Manufacturing output fell 0.4 percent, breaking nine straight months of gains, as supply disruptions from Japan's earthquake hit auto production, the Federal Reserve said.

Overall industrial production was flat, with gains in mining and utilities offsetting the drop in factory output. Excluding cars and parts, manufacturing output rose a sluggish 0.2 percent.

A separate report from the Commerce Department showed groundbreaking for new housing dropped 10.6 percent to an annual rate of 523,000 units as a glut of homes on the market discouraged new projects.

Though March's housing starts were revised up substantially, it was not enough to soften the blow from last month's drop.

The recovery in the housing sector is still wanting and is still a hope more than a reality, said Anthony Chan, chief economist at JPMorgan Private Wealth Management in New York.

Economists, who had expected starts to rise to a 568,000-unit rate, said tornadoes that lashed parts of the country last month were partly to blame for the drop. Starts in the tornado-ravaged South slumped to a two-year low.

Hopes are high that gasoline prices will fall and the nascent labor market recovery will strengthen enough to boost consumer spending and therefore economic growth.

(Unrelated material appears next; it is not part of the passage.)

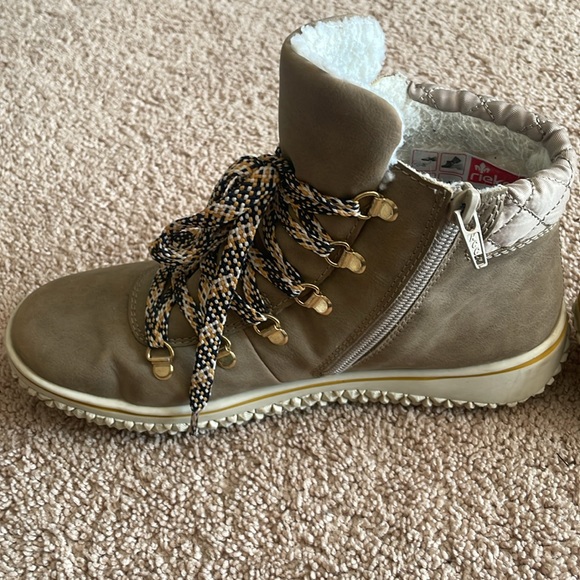 Rieker Women's Cordula Weather-Resistant Ankle Bootie- size 39 European, 8 in US - Picture 2 of 7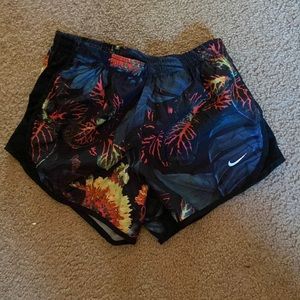 girls nike shorts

But Wal-Mart said U.S. sales fell in the February-to-April quarter, adding it continued to see a paycheck cycle, where people stock up around payday and then spend less as money runs out.


Manufacturing has been leading the recovery and economists expect it to bounce back as auto supply disruptions fade.

Housing, however, is a different matter. Construction is being crowded out by an oversupply of homes and in particular foreclosed properties that sell well below their value.

In March, the spread between the prices of new and previously owned houses was about $54,200, indicating used homes are selling well below the cost of construction. A spread of between $20,000 and $30,000 is generally viewed as ideal.

A report on Monday showed that while builders expected a modest improvement in sales during spring, they anticipate market conditions to weaken in the next six months.

Analysts estimate there are between 8 million and 9 million homes on the market, including the so-called shadow inventory -- foreclosed properties and those that are about to be repossessed by banks.

The shadow housing inventory is coming to the market and is hindering the need to really start building more houses, said Chan.

The weight on the economy will be limited, however, since residential construction only accounts for about 2.2 percent of gross domestic product.

In addition, with the labor market showing signs of life, analysts are guardedly optimistic about a slight improvement as the year progresses. A similar outlook was shared by Home Depot, which raised its profit forecast for the year despite a slow start to the spring selling season.

Groundbreaking last month was depressed by a 24.1 percent tumble in the volatile multi-family homes sector, where starts for buildings with five or more units dropped 28.3 percent. Single-family home construction fell 5.1 percent.

Permits for future home construction dropped 4.0 percent to a 551,000-unit pace last month. They were held down by an 8.8 percent drop in the multi-family segment. Permits to build single-family homes slipped 1.8 percent.